Here is an excellent paper from Richard Henley et al that provides support for the argument that potassic alteration is largely isochemcial and and not an introduced component. Henley has elequently defined the porphyry copper environment as that of a dynamic, internally and externally stressed, gas phase reactor where repetitive fracturing generates high permeability flow paths for expansion of the magmatic gas phase from source to surface.
SUMMARY of the Abstract
- Potassium silicate alteration is a hallmark of porphyry copper deposits, which provide two thirds of the world’s annual copper demand
- These deposits form in the cores of calc-alkaline to alkaline volcanic systems from the flux of magmatic gas that transports copper and other metals from source to surface
- The Grasberg Cu-Au deposit is a giant deposit that formed within a maar-diatreme complex following a resurgence in magmatism
- The defined resources of this deposit occur from a few hundred meters depth to 1.7 km below the paleosurface, which is partially preserved as a section of maar tuffs
- Potassium silicate alteration is commonly interpreted as the result of the addition of potassium to the host rocks via interaction with a potassium-rich brine of magmatic origin
- Data show that alteration at the deposit scale is isochemical with respect to major rock-forming components and that only sulfur and economic metals are added by flux of reactive magmatic gas
- Silicate solubilities are low, so only a minor fraction of alkalis in the host rock are extracted by alteration reactions and discharged at the paleosurface
- Reaction of magmatic gas phase with plagioclase results in the coupled deposition of anhydrite and disproportionation of SO2 to release H2S
- In-situ release of H2S immediately scavenges Cu and other chalcophile metals from the continuing magmatic gas flux to form the Cu-Fe-sulphides that make up the economic reserve
- Sequestration of Ca into anhydrite and deposition of silica into early quartz veins increases concentration of K2O, Na2O, MgO, etc. in remaining silicate assemblage in porous host rock
- This results in the development of intermingled potassium-enriched silicate and sulphur-rich sub-assemblages that constitute the mineralized phyllic
- Understanding of the alteration processes provides insights into gas-solid reactions processes inside active magmatic arc volcanoes but the magnitude of copper mineralisation is dependent on the original metal content of the source of the magmatic gas phase.
Introduction
Approximately two thirds of the world’s annual copper production is sourced from ‘porphyry copper’ deposits, which are hydrothermal ore deposits that developed in the cores of volcanic systems in magmatic arcs throughout the Phanerozoic. The defining geochemical characteristic of these deposits is the presence of economic grades of sulphide mineralisation (averaging > ~ 0.5wt% copper), along with potassium silicate rock alteration. This alteration is usually divided into ‘potassic’ assemblages (dominated by potassium feldspar and micas) and ‘phyllic’ assemblages (characterised by ‘white’ mica and quartz).

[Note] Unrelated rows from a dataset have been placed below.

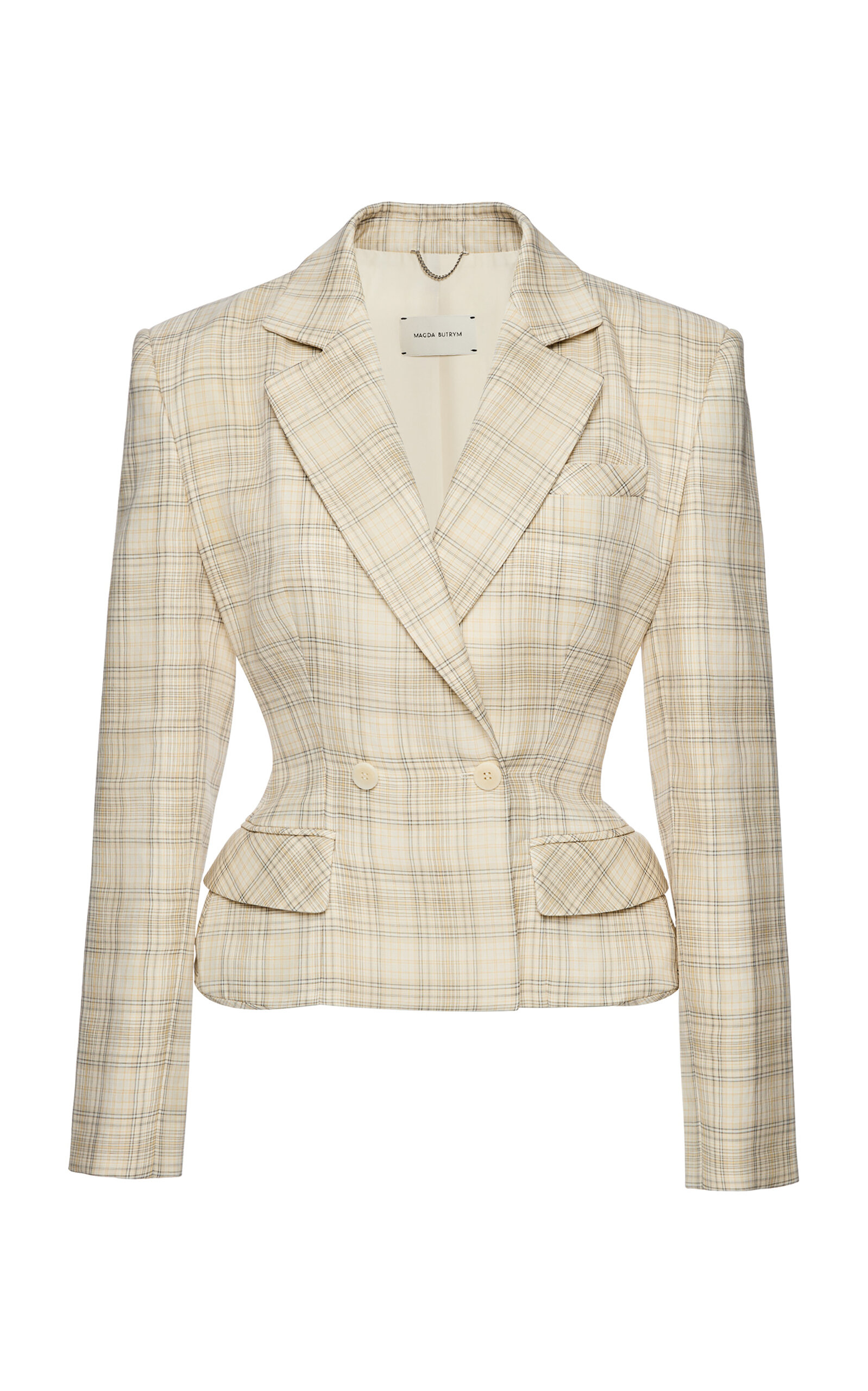 Magda Butrym Double-breasted Structured Cotton Blazer In Multi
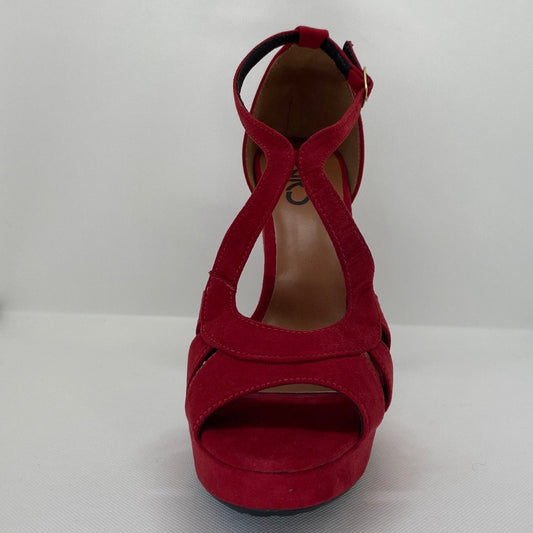 red ladies platform shoes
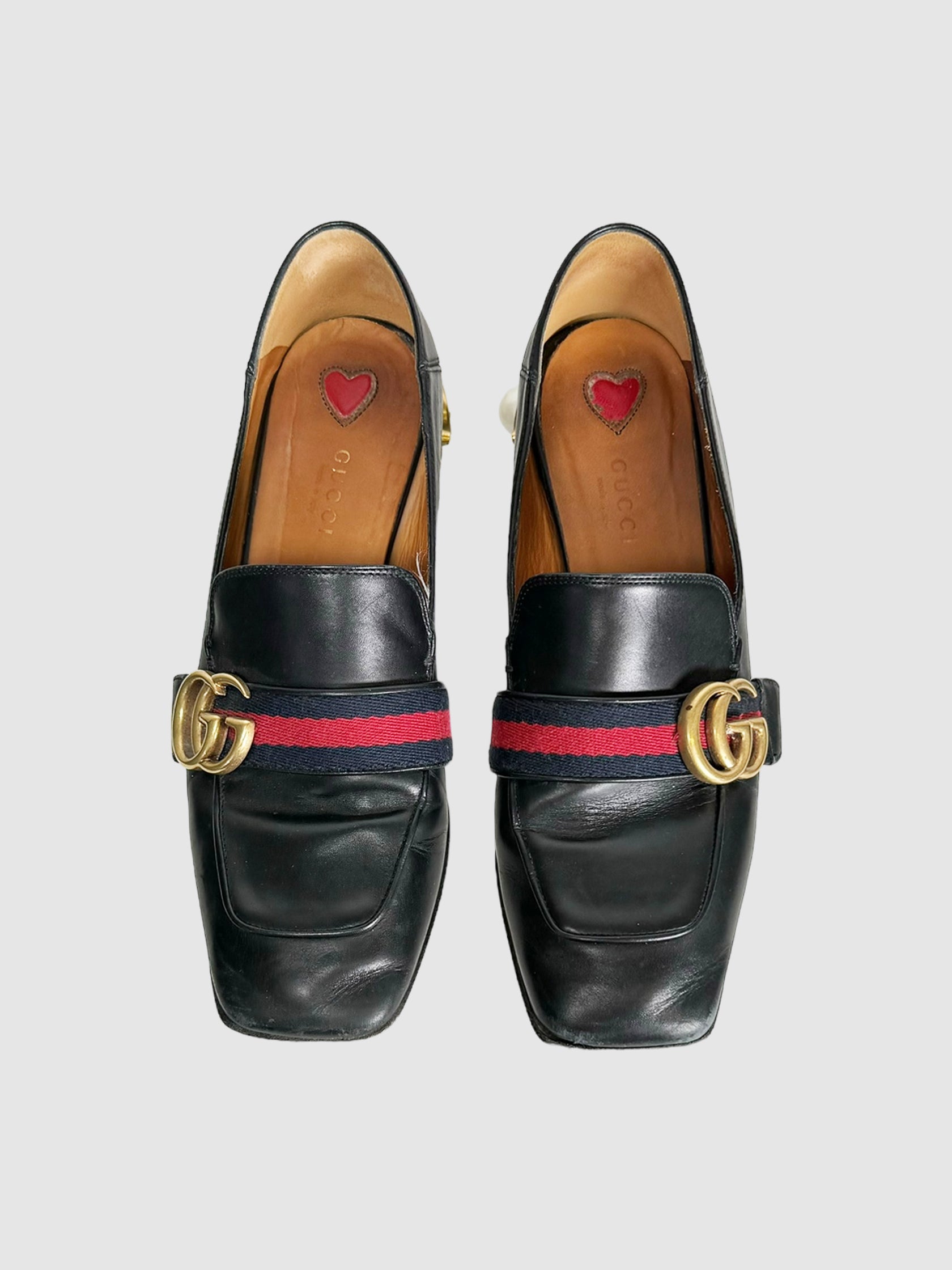Gucci Faux Pearl Leather Loafers - Size 37.5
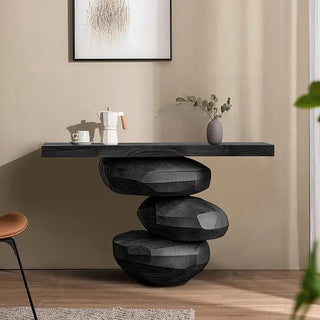 Designer Minimalist Oak Wood Trendy Console Table-Console Tables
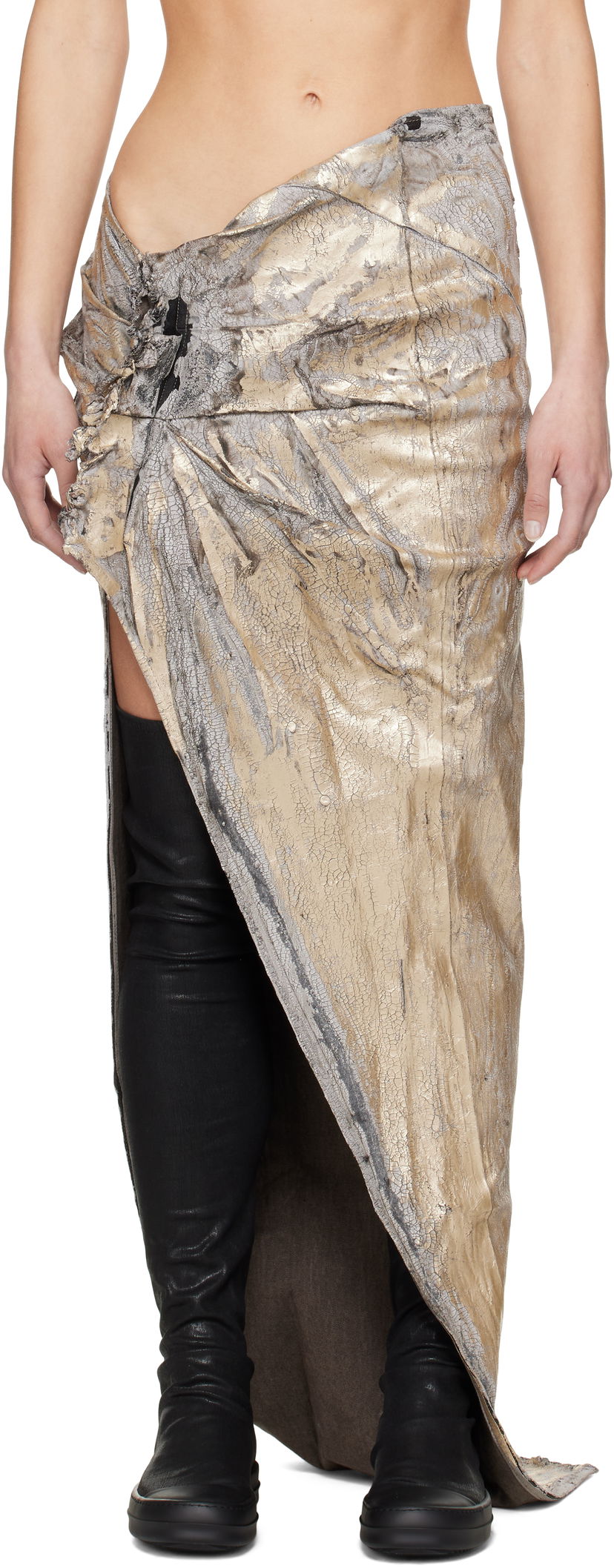 Спідниця Rick Owens Rick Owens DRKSHDW Hollywood Soft Edfu Long Denim Maxi Skirt Металік | DS01E3348 SGMC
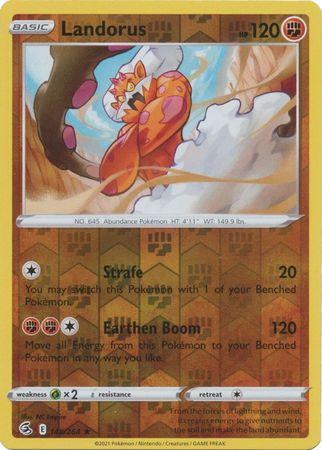 Landorus 148/264 reverse holo (Fusion Strike), Hobby en Vrije tijd, Verzamelkaartspellen | Pokémon, Losse kaart, Nieuw, Foil, Ophalen of Verzenden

It has long been assumed that the potassium silicate alteration is the result of infiltration of saline liquid-phase brines from intrusives. However, research into the Grasberg porphyry copper-gold deposit has indicated that gas-solid reactions within the sub-volcanic environment likely played a role, with the gas phase composition of high temperature gas mixtures released by fumaroles in modern volcanoes dominating. This raises the question of how such large-scale potassium enrichment occurs without the addition of high salinity brines. To answer this, this paper analyses micro to mine scale petrographic and geochemical data using a range of techniques including high resolution tomography to measure microporosity, based on samples from the Grasberg deposit, which contains over 32 Mt. of copper.
SUMMARY of the Conclusions
- Porphyry copper-gold deposits form within magmatic vapour plumes.
- These plumes contain highly reactive SO2 and HCl, along with Cu and other metals.
- The permeability of these plumes is maintained through their evolution by time variant internal and regional deviatoric stress.
- Porphyry copper deposits are characterized by potassium silicate alteration at the scale of several km3.
- This alteration is directly associated with Cu-Fe-S mineralisation and occurs in large deposits such as the Grasberg deposit.
- Fluid inclusions in such assemblages are commonly assumed to be a potassium-enriched magmatic vapour.
- However, new data from Grasberg show alteration at the deposit scale of several km3 was essentially isochemical for major rock forming elements.
- There is no evidence for the involvement of a K-rich brine or K-enriched magmatic gas phase.
- Apparent potassium enrichment is the result of sequestration of calcium into anhydrite.
- This alteration process continually evolves intergranular porosity during mineral replacement with anhydrite and sulphides.
- This process maintains reactive gas flux in the altering host rock and sustains higher flux of magmatic gas through developing fracture veins.
- A quasi-isochemical hypothesis for potassic alteration in porphyry copper deposits is proposed.
- This alteration process occurs to various extents in evolving magmatic arc volcanoes due to sub-surface gas-solid reactions.
- Porphyry copper formation is correlated with processes inside active volcanoes.
- The relative economic potential of these volcanoes arises primarily from the relative fertility of the magmatic source regime.